Candy Bingham, deputy mayor of Northern Beaches Council, has started a petition to keep all four Freshwater ferries going every day.
The government wants to replace the iconic ferries with faster 400-seater commuter ferries (pictured) made in China
‘The main issue is that tourists come to Sydney seven days a week, they don’t just come on the weekend. And two ferries on the weekend isn’t going to do the job anyway,’ she told Daily Mail Australia.
Tourism to the Northern Beaches is worth $500million a year and accounts for 12 per cent of jobs in the area.
Ms Bingham said in 2019 4.4million passengers took the ferries and described them as the ‘lifeblood of our area’.
She said large ferries have been running from Circular Quay to Manly since the 1850s and are ‘part of our heritage’.
‘People don’t want to get on little fast ferries, they want that experience. If you Google ”things to do in Sydney” riding on the Manly ferry is one of the first things that comes up. It’s just so frustrating,’ she said.
The deputy mayor said converting the ferries to use electric engines or run on biofuels, or only running them from 10am to 10pm instead of 5.30am to midnight should be considered to make them cheaper and cleaner.
‘We have had it confirmed that these will run on biofuels, but the replacement – the piddly littler Emerald class from China – are still running on diesel,’ she said.
Ms Bingham also said similar ferries in Norway had been revamped with electric engines ‘but none of these things are being looked at’.
‘It’s really frustrating, it seems to be a decision made by the minister and it’s all about the privatisation of our ferries generally,’ she said.
Candy Bingham (left), deputy mayor of Northern Beaches Council, has started a petition to keep all four Manly ferries going every day. Right: Shadow transport Chris Minns, who wants the Manly ferries continued, slammed the government over the apparent inconsistency
The government has said the MV Freshwater will join the MV Collaroy in transporting passengers between Circular Quay and Manly on weekends from mid-year, when sister vessels MV Narrabeen and MV Queenscliff are retired.

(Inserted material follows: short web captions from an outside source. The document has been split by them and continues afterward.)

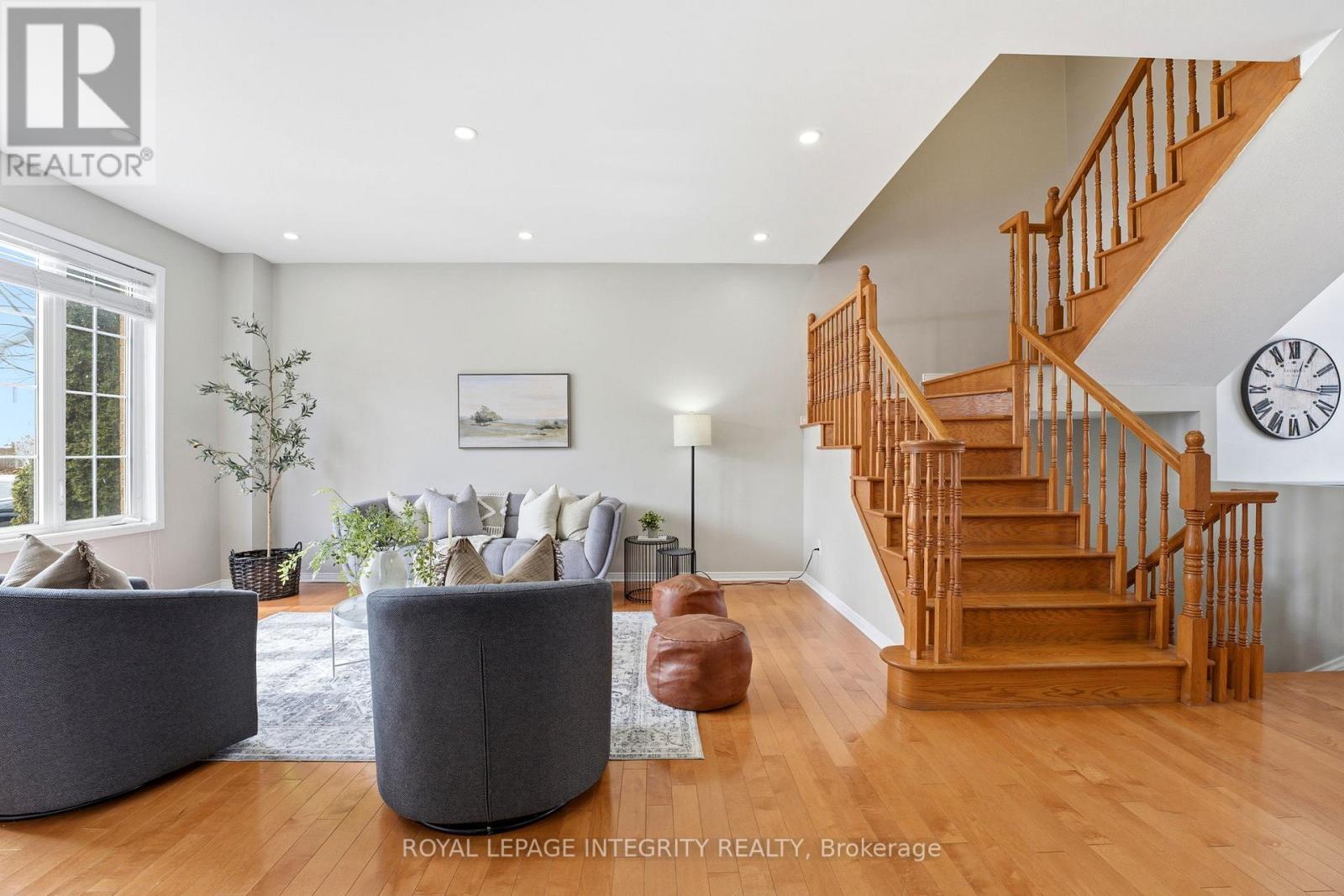 Hardwood flooring and elegant hardwood staircase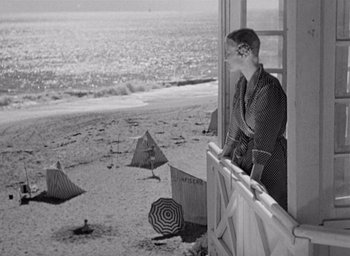 Movie still from “Monsieur Hulot's Holiday” (1953), directed by Jacques Tati – A woman standing on a balcony looking out at the beach; Wide shot, High angle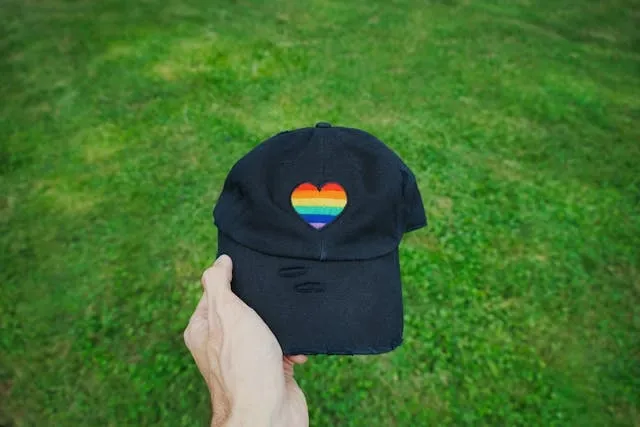 a black hat with a rainbow heart patch for how to iron a patch onto a hat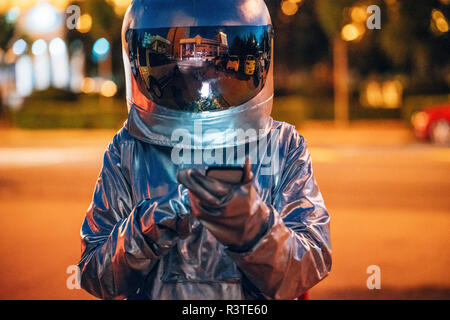 Spaceman su una strada della città di notte utilizza lo smartphone Foto Stock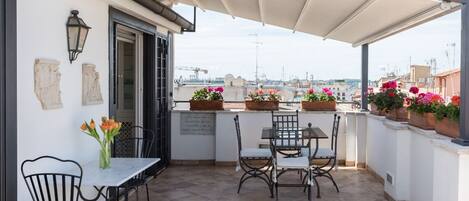 A terrace with a table and chairs, a potted plant, and a view of the cityscape.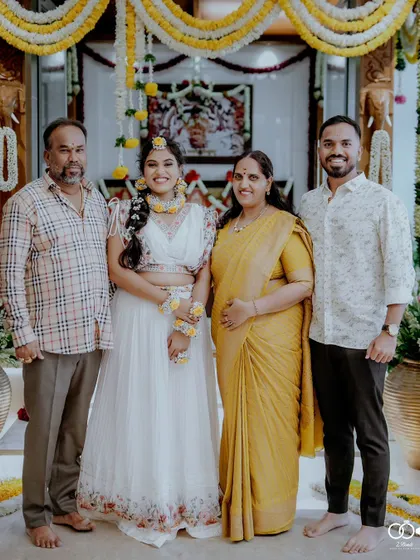 A lovely family portrait of the bride with her parents and brother on the day of her Haldi ceremony.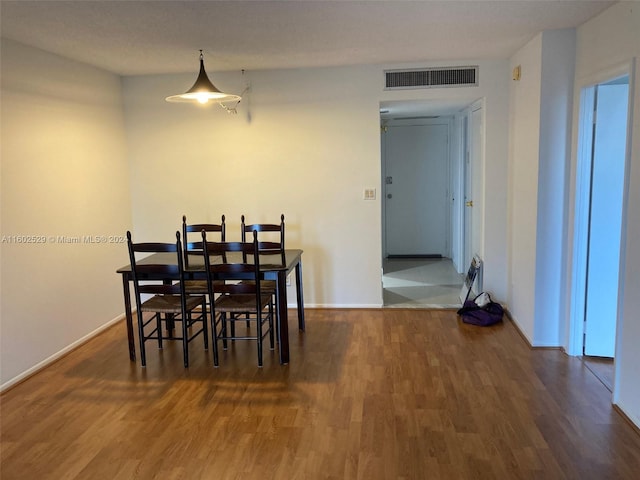 dining space with dark wood-type flooring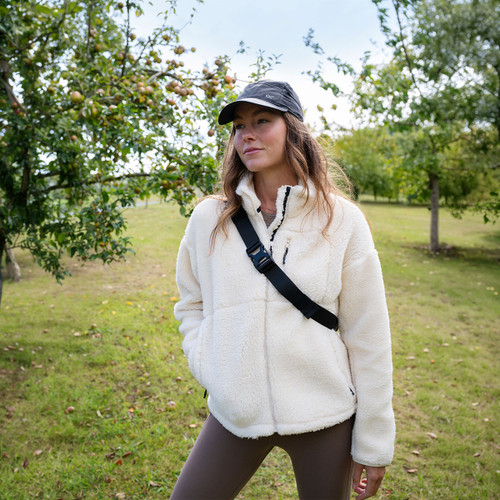 Lifestyle image of a model wearing the Regatta women's light vanilla fleece jacket outdoors with a black cap and crossbody bag.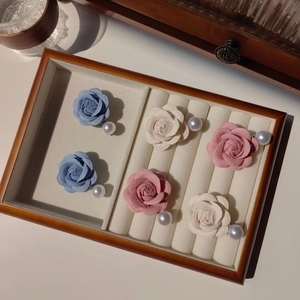 Gros plan de barrettes camélia 3D avec perles élégantes en bleu, blanc et rose
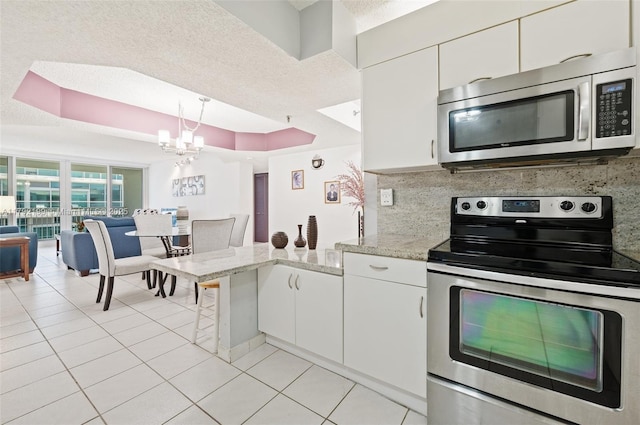 9341 Collins Ave Unit 1204, Surfside, FL 33154 - kitchen with stainless steel appliances, a peninsula, light tile patterned floors, white cabinets, and a chandelier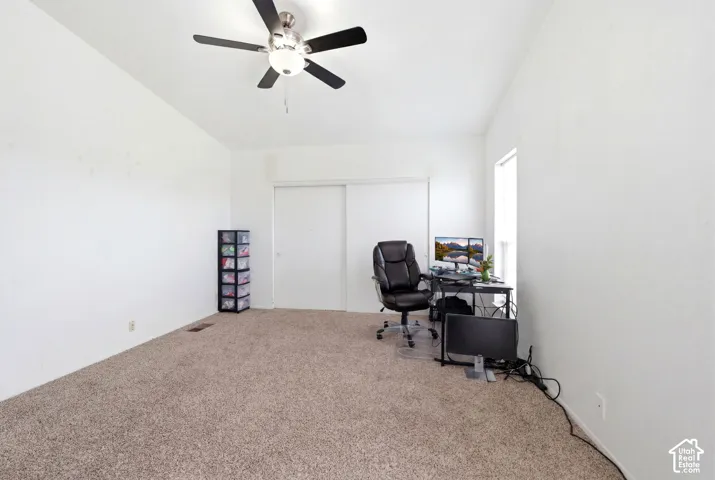 Carpeted room featuring a ceiling fan with integrated lighting, a window providing natural light, and a built-in closet with sliding doors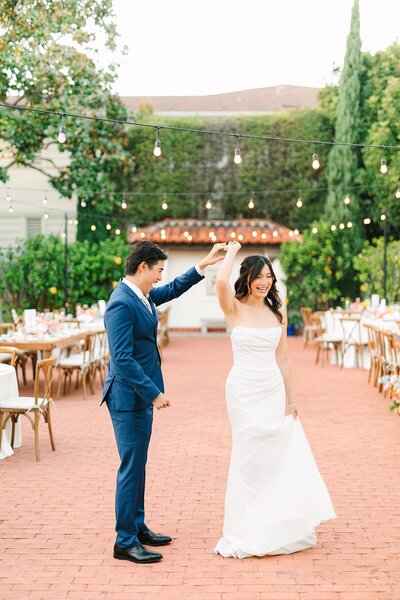 Bride and groom dancing twirling at Darlington House in La Jolla, California.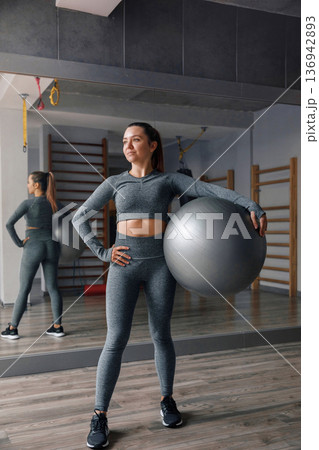 Woman stands with exercise ball in gym during training session for fitness and health 136942893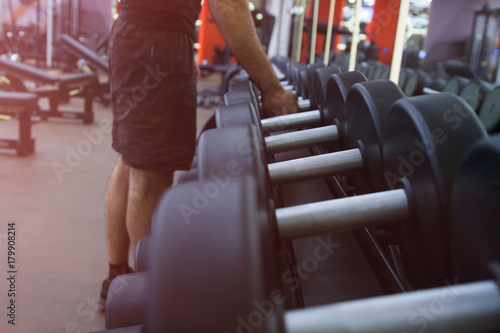 The hand of a strong man takes a heavy dumbbell in the gym.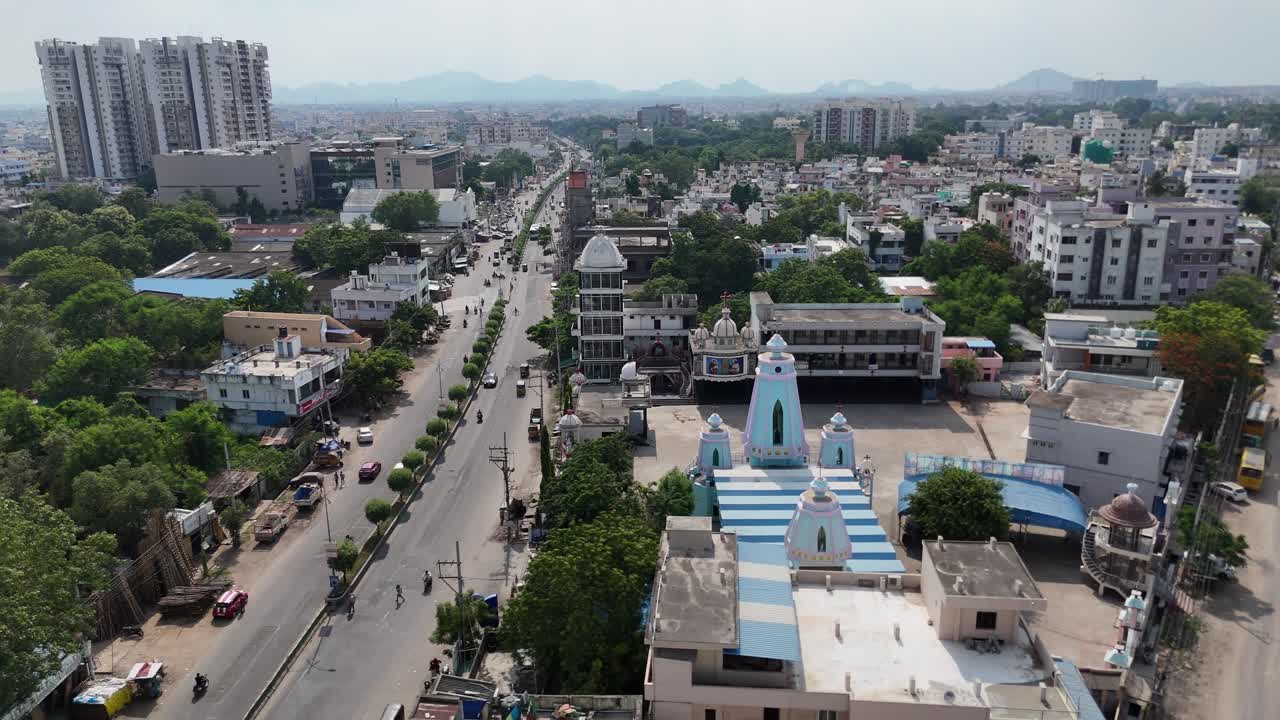 Ripresa aerea della città di Vijayawada con strutture urbane, spazi verdi e una collina panoramica che domina lo sfondo.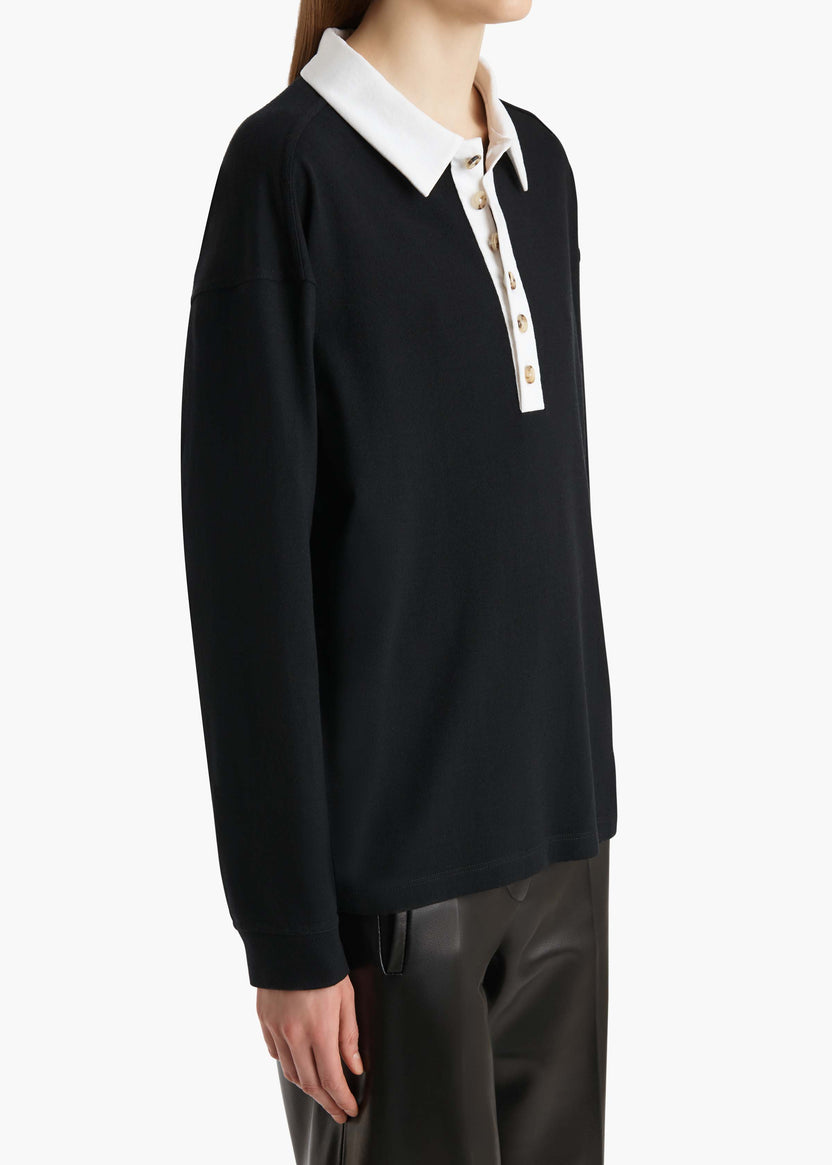 Black long-sleeve shirt with white collar and buttons on a white background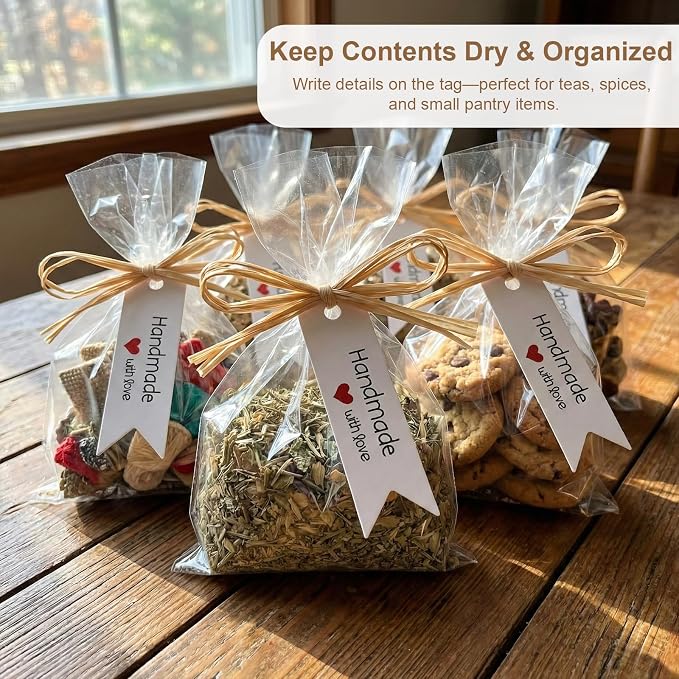 100 Pcs 4.7x7" Plastic Cellophane Bags with 131ft Raffia Ties & 100 Pcs "Handmade with Love" Tags, Clear Goodie Treat Wrappers for Wrapping Homemade Soap Craft Gift Wedding Cookies Candy Snack Party Bakery Favors Christmas (White Tags)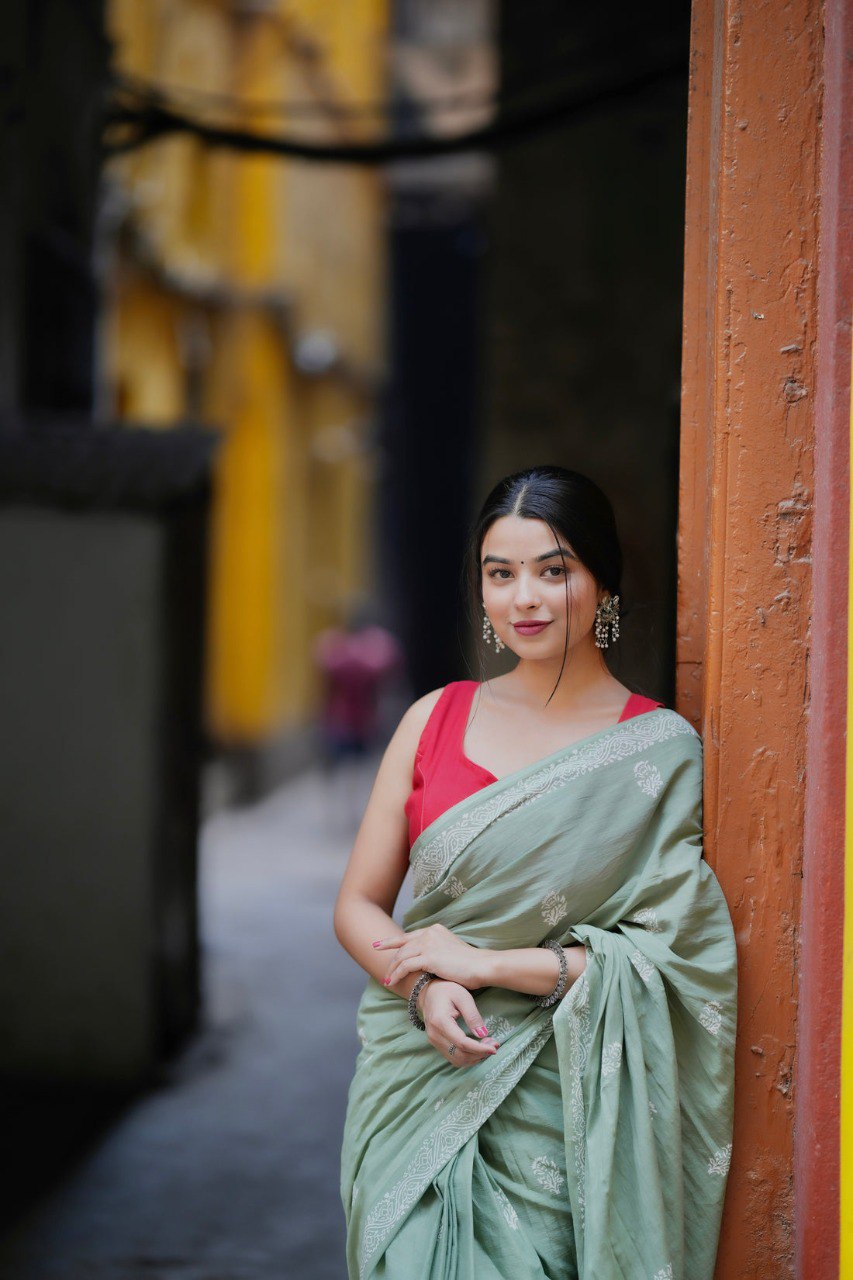 Mint Grace – Elegant Sage Green Soft Silk Saree with Delicate Woven Border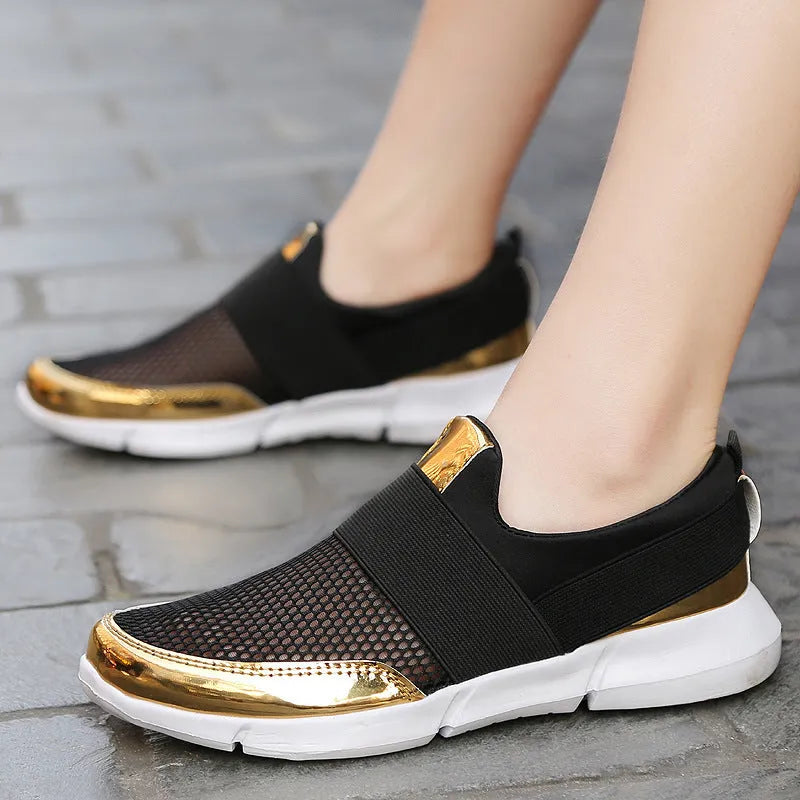 Blue, black, and grey women's lightweight sneakers with mesh lining and low-tube design.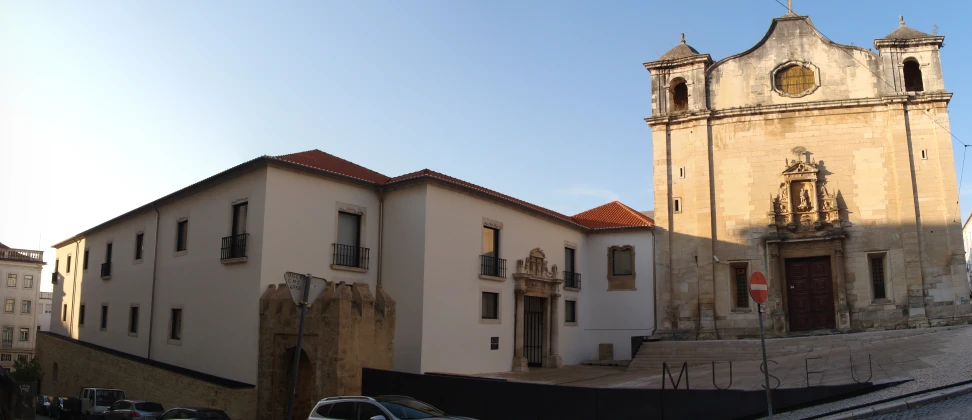 a church with two towers and cars parked in front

New Emerald-class ferries will replace the Freshwater-class ferries on weekdays, which the NSW government says will be faster and more energy-efficient.
A spokesman for Minister Constance told Daily Mail Australia: ‘Sydneysiders and tourists will be able to enjoy trips on the famous Freshwater ferries with the NSW Government confirming two of the four vessels will be retained.
‘This decision is about balancing the needs of weekday commuters, tourism and NSW taxpayers, while also acknowledging the community’s strong attachment to the Freshwater class ferries.
‘Weekday commuters want faster and more frequent services which is exactly why we will be providing them with the new Emerald class vessels.’